■ What needs to be done ■
Locate the line containing "Coco-de-Mer, Vallée de Mai", then please write out that line and all the lines below it in the entries exactly.
========
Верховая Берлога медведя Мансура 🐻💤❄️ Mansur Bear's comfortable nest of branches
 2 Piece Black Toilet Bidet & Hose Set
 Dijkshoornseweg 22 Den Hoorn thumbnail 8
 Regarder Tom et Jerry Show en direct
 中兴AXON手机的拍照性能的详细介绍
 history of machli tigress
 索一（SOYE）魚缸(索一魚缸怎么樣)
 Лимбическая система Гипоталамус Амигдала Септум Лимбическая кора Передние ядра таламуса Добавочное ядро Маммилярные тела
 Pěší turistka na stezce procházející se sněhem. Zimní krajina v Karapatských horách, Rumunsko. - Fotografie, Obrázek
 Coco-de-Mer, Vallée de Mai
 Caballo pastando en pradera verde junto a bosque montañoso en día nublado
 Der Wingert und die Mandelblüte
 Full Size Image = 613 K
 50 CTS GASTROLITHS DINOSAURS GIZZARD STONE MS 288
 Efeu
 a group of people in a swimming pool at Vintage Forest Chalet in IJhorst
========
■ Output for this exercise ■
 Coco-de-Mer, Vallée de Mai
 Caballo pastando en pradera verde junto a bosque montañoso en día nublado
 Der Wingert und die Mandelblüte
 Full Size Image = 613 K
 50 CTS GASTROLITHS DINOSAURS GIZZARD STONE MS 288
 Efeu
 a group of people in a swimming pool at Vintage Forest Chalet in IJhorst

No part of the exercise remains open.